§ **Instructions to follow**
The response should be the data again, identical in every line.

───── The data ─────

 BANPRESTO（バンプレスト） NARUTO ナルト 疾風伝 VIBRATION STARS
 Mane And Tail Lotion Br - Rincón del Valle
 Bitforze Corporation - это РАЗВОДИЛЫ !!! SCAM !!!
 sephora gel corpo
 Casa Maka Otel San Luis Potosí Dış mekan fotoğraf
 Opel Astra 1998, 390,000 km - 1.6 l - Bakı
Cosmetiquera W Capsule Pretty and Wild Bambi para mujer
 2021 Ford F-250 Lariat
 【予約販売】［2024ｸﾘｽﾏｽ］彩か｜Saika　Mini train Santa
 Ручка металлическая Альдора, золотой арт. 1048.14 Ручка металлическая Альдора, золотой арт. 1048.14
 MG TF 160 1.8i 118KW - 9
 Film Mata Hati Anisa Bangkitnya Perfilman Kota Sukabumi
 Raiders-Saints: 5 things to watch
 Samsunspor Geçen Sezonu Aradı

─────

§ **Response to the task**
 BANPRESTO（バンプレスト） NARUTO ナルト 疾風伝 VIBRATION STARS
 Mane And Tail Lotion Br - Rincón del Valle
 Bitforze Corporation - это РАЗВОДИЛЫ !!! SCAM !!!
 sephora gel corpo
 Casa Maka Otel San Luis Potosí Dış mekan fotoğraf
 Opel Astra 1998, 390,000 km - 1.6 l - Bakı
Cosmetiquera W Capsule Pretty and Wild Bambi para mujer
 2021 Ford F-250 Lariat
 【予約販売】［2024ｸﾘｽﾏｽ］彩か｜Saika　Mini train Santa
 Ручка металлическая Альдора, золотой арт. 1048.14 Ручка металлическая Альдора, золотой арт. 1048.14
 MG TF 160 1.8i 118KW - 9
 Film Mata Hati Anisa Bangkitnya Perfilman Kota Sukabumi
 Raiders-Saints: 5 things to watch
 Samsunspor Geçen Sezonu Aradı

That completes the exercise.